Constitutionally Right

The only way to predict the future is to create it.

Location: Yardley, PA (Bucks County), United States

Wednesday, January 05, 2011

It's the End of the World As We Know It, But I Feel Fine - Bucks County Courier Times January 18, 2011

A friend just told me about an article that said it's healthy to be pessimistic. I instantly got very excited about my extremely bad attitude.
On my way to one of the 17 state and federal candidate interviews with the Courier Times' Editorial Staff I had an uneasy feeling that none of the problems that we've discussed will be resolved anytime soon.
In my opinion we can only enjoy true freedom by accepting responsibility for our own safety, education, food, shelter, medical care, retirement, etc. Economic growth and universal prosperity are driven by free markets; not government programs and their associated political manipulation.
One of my oldest memories happened right across the street from the Courier Times 45 years ago in Stonybrook when I got a glass of orange juice, laid down and poured it all over myself as I tried to take a drink. I've been fascinated with the cause/effect relationship ever since.
For example, increasing taxes on the rich leads to tax evasion which slows economic and job growth. The financially wealthy often become so by working day and night for a long time to provide something of great value.
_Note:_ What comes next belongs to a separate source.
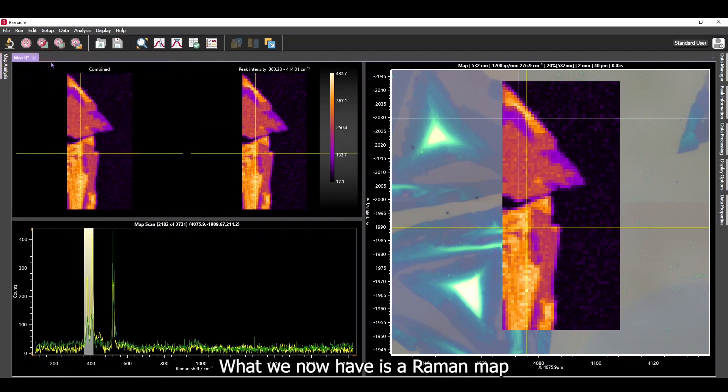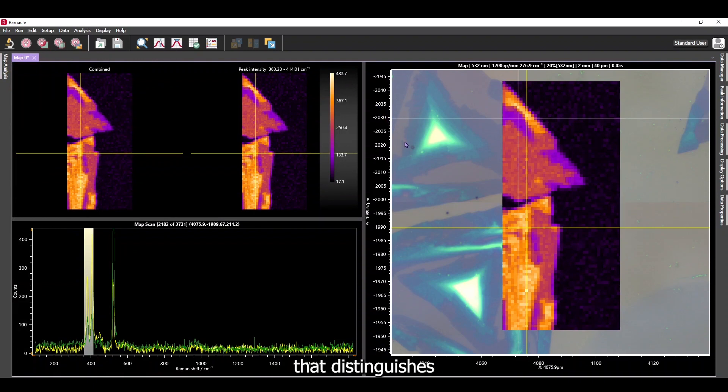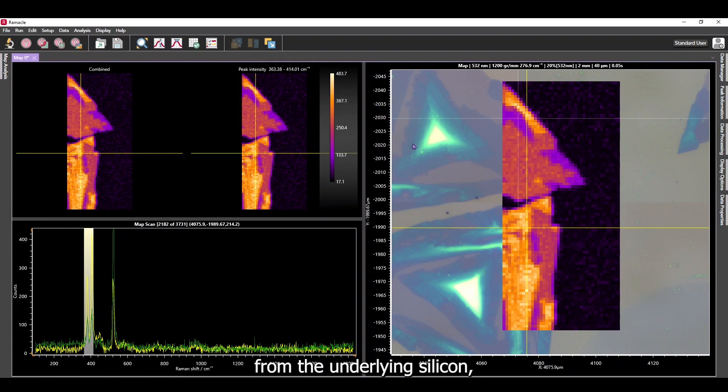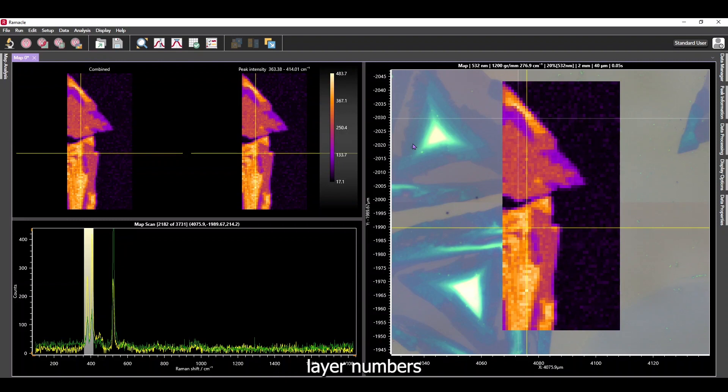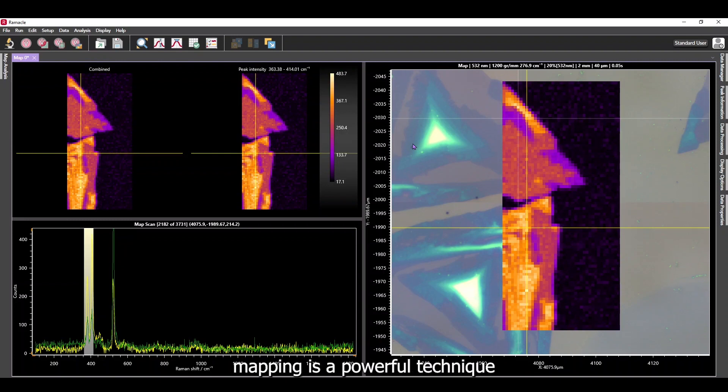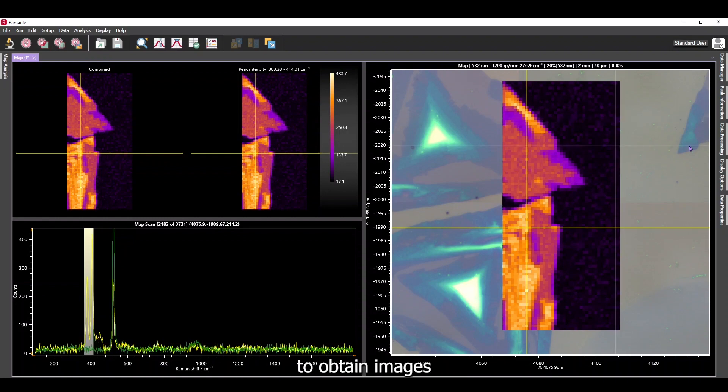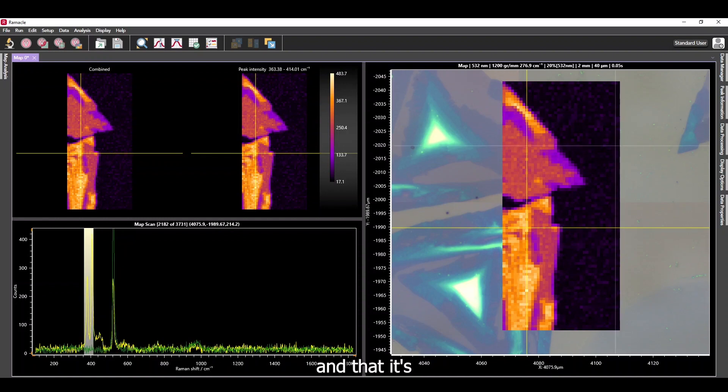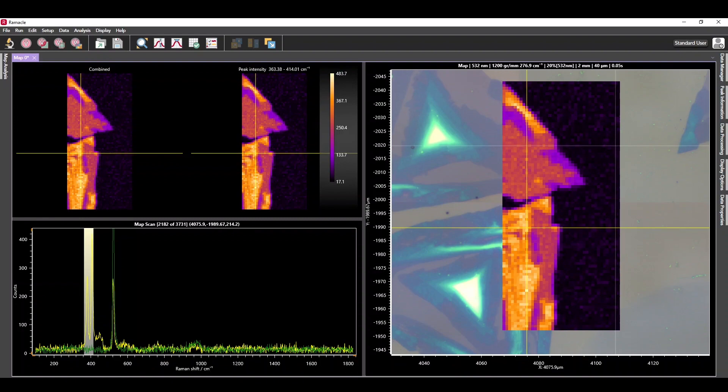We now have a Raman map that distinguishes the molybdenum disulfide crystals from the underlying silicon and areas of differing layer numbers on both of the crystals. We have shown that Raman mapping is a powerful technique that allows you to obtain images of highly specific chemical information and that it's really easy to perform.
We rarely see the blood, sweat and tears it took and tend to overlook the risk, failures and uncertainty that defined the journey.
You either believe in the American Economy or you don't. Free Markets are a perfect machine of complex cause/effect relationships that cannot be manipulated to work better. Fraud and abuse should be regulated; not economic freedom.
We're trying to repair health care with what caused the problem in the first place. Health care has morphed into a "special interest feeding trough" where pennies on the dollar of our $2 trillion a year industry goes to medical care. The only way to fix it is to go in the other direction by putting individuals (not bureaucrats) in charge. No one will be left behind if properly implemented and you'll even find competition for pre-existing conditions. The market driven/patient guided model (as discussed by Regina Herzlinger in "Who Killed Health Care" and "Market Driven Health Care") is the only way.
The most popular topic was that of a Constitutional Convention. I started printing out the PA State Constitution until my computer said "Printing Page 1 of 66". We need 2 Constitutional Conventions - one to eliminate everything that has nothing to do with basic rights and individual freedoms and then another to discuss the processes of running state government. Our State Constitution has evolved into a dishonorably crafted legal document and true legislative reform will not happen until this impenetrable bureaucracy is dismantled.
We were told that 5,000+ feet under Pennsylvania is the Saudi Arabia of natural gas. Drillers are already taxed in Pennsylvania. Adding an extraction tax will send more money to Harrisburg to fund projects that have nothing to do with drilling. Marcellus Shale is a safe step towards energy independence that will create opportunities for communities with endless ripple effects. It's the ultimate win/win.
Teacher strikes came up a lot. We can't prevent anyone from leaving their workplace, but we should definitely be able to prevent them from ever returning. I'm having trouble finding the words to describe the lack of integrity surrounding this issue other than to say that it demonstrates the failures of our current state systems.
Everyone's concerned about the pension crisis that's literally destroying the nation and the best solution came from a Democrat candidate who said we shouldn't be in the pension business. Each individual in charge of their own pension would create competition, choice and yet another win/win for all. Most candidates talked about pooling pension plans into a central bureaucratic authority which was unfortunate.
There's a lot more to discuss, but all that most would like is some sanity and leadership founded on accountability, courage and strong moral character. Candidates campaign year after year through a revolving door of false promises that enable a culture of dysfunction that never changes.
I really don't know what to do so I'm appealing to the next Editorial Board to pour juice over the heads of future candidates before the interviews begin. Other than restoring dueling I honestly can't think of anything else.